▶ _WHAT YOU NEED TO DO_:
Please give back the listing below word for word, without the images.

▶ _AVAILABLE RECORDS_:

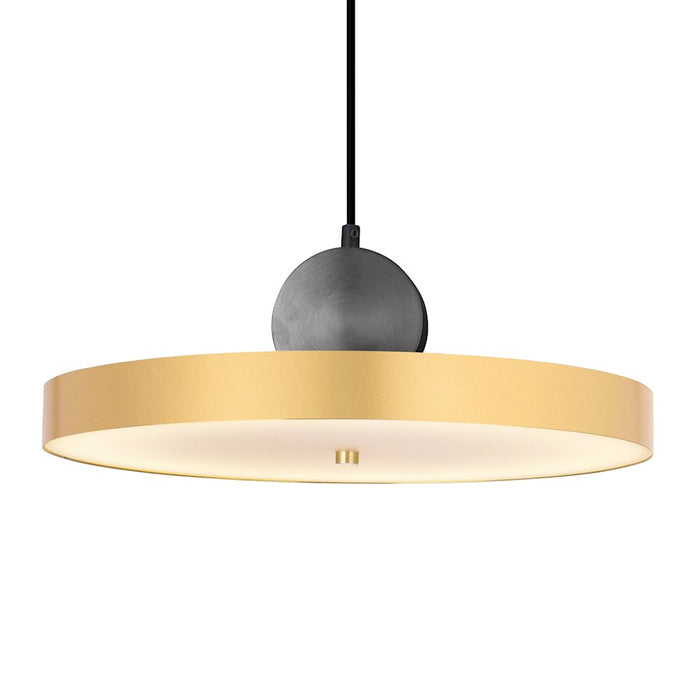 CWI Lighting Saleen Pendant, Sun Gold/Black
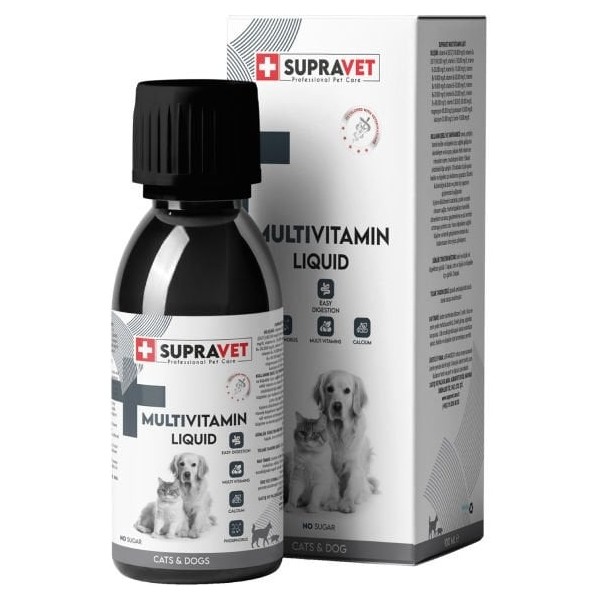 Supravet Multivitamin Kedi ve Köpek Sağlığı Için Sıvı Damla 100 ml Evcil Hayvan Ürünleri Fiyatı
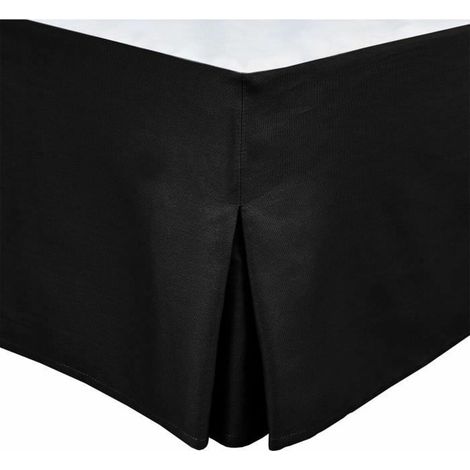 Coprirete - HOME LINGE PASSION - 140 x 190 cm + 30 cm - Nero (1/2)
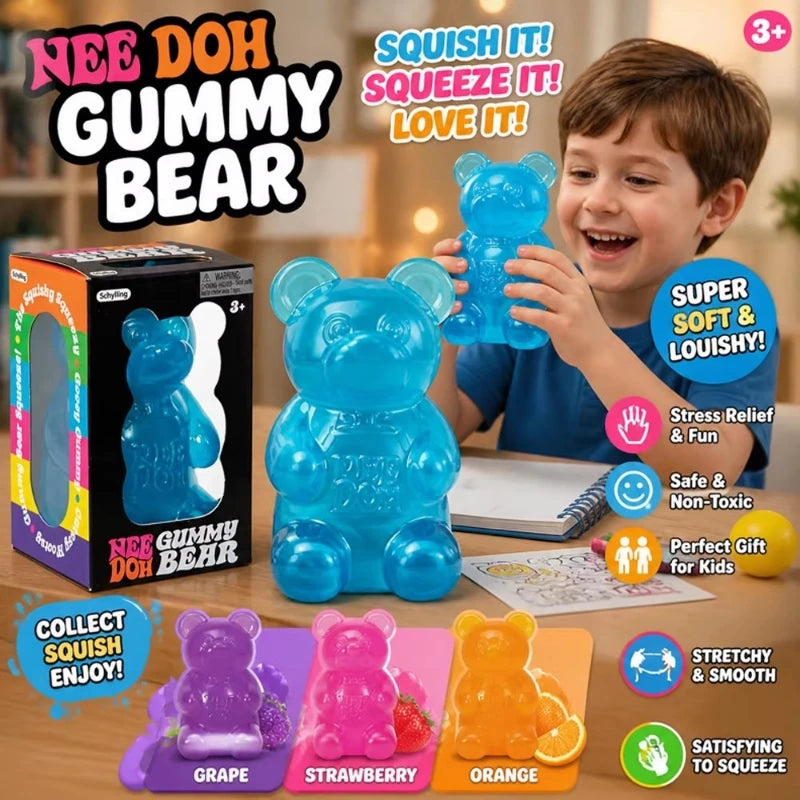 Schylling NeeDoh Nice Cube Sensory Squeeze Toy with Super Solid Squish Stress Relief Anxiety Sensory Tool Stress Reliever Toys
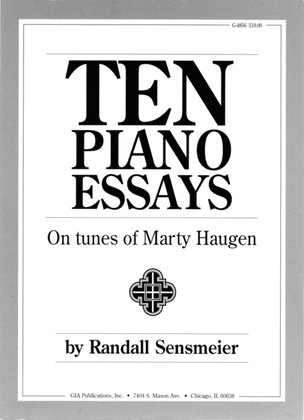 Book cover for Ten Piano Essays on Tunes of Marty Haugen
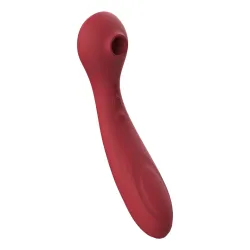 Vibrador Succionador Clítoris Air Pulse Usb 12 Modos - Rojo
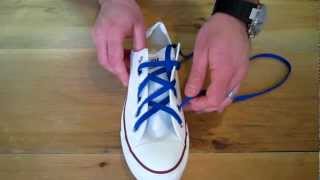 How to Double Back Lace Chuck Taylors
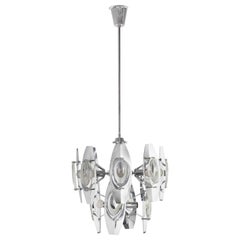 Chandelier Lamp for Stilkronen by Oscar Torlasco, 1960s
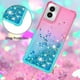 thumbnail image 4 of Funda para Motorola MOTO G Power 5G 2024 Transparente con Brillos Carcasa Protectora Antigolpes con Glitter Brillante, 4 of 5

▶ _REPLY TO THE TASK_:
 CWI Lighting Saleen Pendant, Sun Gold/Black
 Supravet Multivitamin Kedi ve Köpek Sağlığı Için Sıvı Damla 100 ml Evcil Hayvan Ürünleri Fiyatı
 Coprirete - HOME LINGE PASSION - 140 x 190 cm + 30 cm - Nero (1/2)
 Schylling NeeDoh Nice Cube Sensory Squeeze Toy with Super Solid Squish Stress Relief Anxiety Sensory Tool Stress Reliever Toys
 Book cover for Ten Piano Essays on Tunes of Marty Haugen
 Vibrador Succionador Clítoris Air Pulse Usb 12 Modos - Rojo
 How to Double Back Lace Chuck Taylors
 Chandelier Lamp for Stilkronen by Oscar Torlasco, 1960s
 thumbnail image 4 of Funda para Motorola MOTO G Power 5G 2024 Transparente con Brillos Carcasa Protectora Antigolpes con Glitter Brillante, 4 of 5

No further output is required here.